- **INPUT DATA**:
───

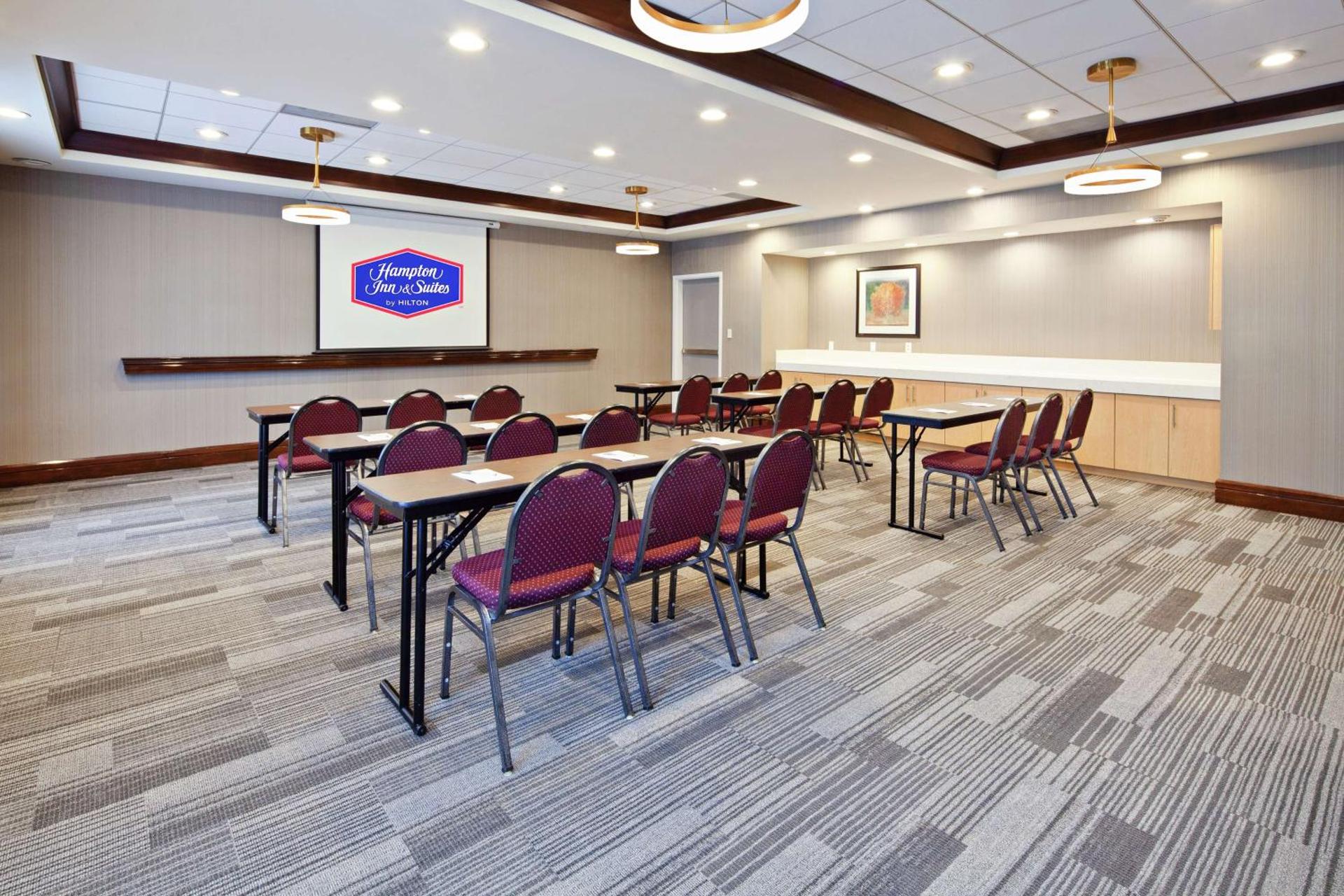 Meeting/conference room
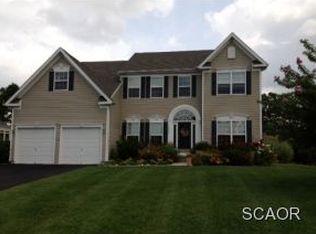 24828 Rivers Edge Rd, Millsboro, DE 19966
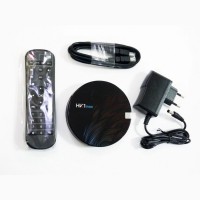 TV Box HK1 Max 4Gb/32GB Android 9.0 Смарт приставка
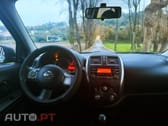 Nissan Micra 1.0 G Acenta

───

- **PROBLEM**: Without including any picture, write out the material above exactly.

- **EXERCISE OUTPUT**:
 Meeting/conference room
 24828 Rivers Edge Rd, Millsboro, DE 19966
 TV Box HK1 Max 4Gb/32GB Android 9.0 Смарт приставка
 Nissan Micra 1.0 G Acenta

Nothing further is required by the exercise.